Posted on | August 20, 2011 | 5 Comments
One of the things I love about language is its staggering combinatorial possibilities. I revel in a Google game – picking a seemingly ordinary phrase and doing a search to see how many times it has appeared in the vast body of language indexed by the search engine. It is amazing how relatively few times even the most compact phrases have appeared.
It was with that in mind that I read Emily Green’s piece today in the Los Angeles Review of Books about the similarities between her epic Las Vegas Sun series Quenching Las Vegas’ Thirst and the discussion of Vegas water in Alex Prud’homme’s The Ripple Effect. Emily quotes two passages, first hers and then Prud’homme’s.
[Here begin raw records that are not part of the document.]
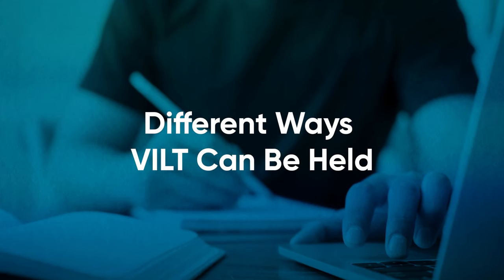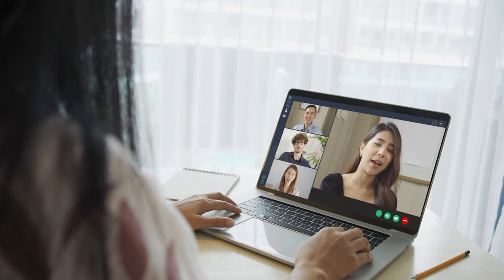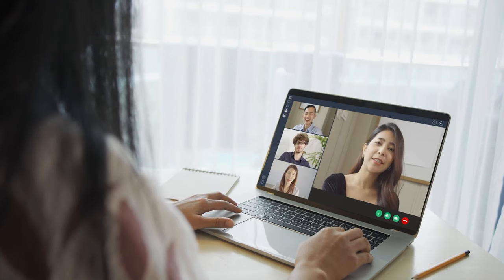A webinar VILT is when there's one facilitator and many participants. In a webinar, typically there's polling, voting, and even video conferencing. A one-to-one VILT is when there's one facilitator and one participant, very similar to a one-to-one training or even a peer-to-peer training.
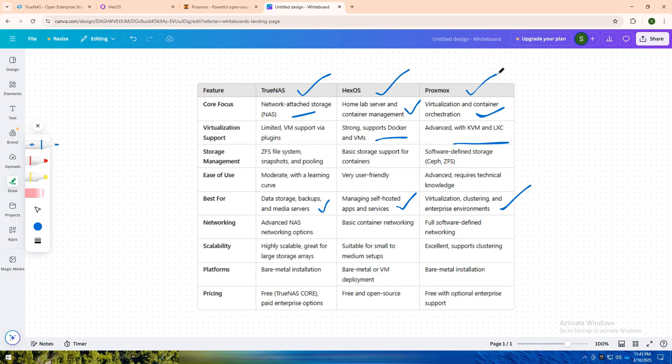Which platform suits your needs? Let me know in the comments. Don't forget to like, share, and subscribe for more tech comparisons. See you in the next one.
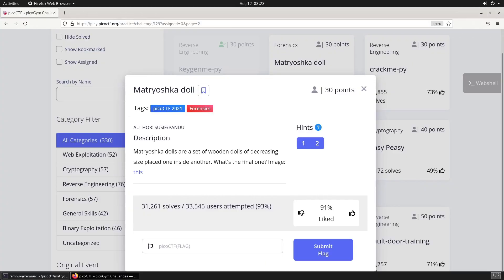Welcome back to Cap That Flag. Today we're continuing our Pico CTF series with a challenge titled Matryoshka Doll. It's worth 30 points. It's from Pico CTF 2021 and it's in the forensics category. The description reads, Matryoshka Dolls are a set of wooden dolls of decreasing size placed one inside another. What's the final one? And then it links to an image.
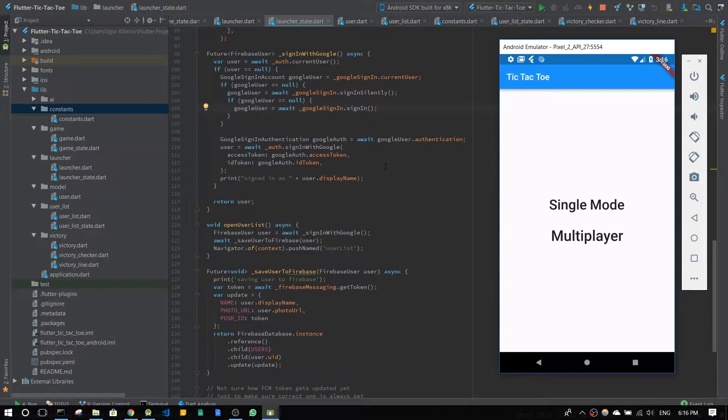Hey, how's it going? This is the second part of Flutter Tic-Tac-Toe tutorials. Let me show you where I got today.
Las Vegas lies at the intersection of three deserts. To the west is the Mojave, to the south the Sonoran, and to the north the Great Basin.
Las Vegas sits at the intersection of three deserts. To the south is the Sonoran, to the west is the Mojave, and to the north lies the Great Basin.
Savor that simple four-word phrase: “intersection of three deserts”. In the entire corpus indexed by Google, that phrase appears to have been written only three times – once by the Australian Wildlife Conservancy to describe three Australian deserts, once in 2008 by Emily Green to describe Las Vegas, and once by Alex Prud’homme in his new book – also to describe Las Vegas.
Sadly for Emily, Prud’homme’s book is the first Google hit.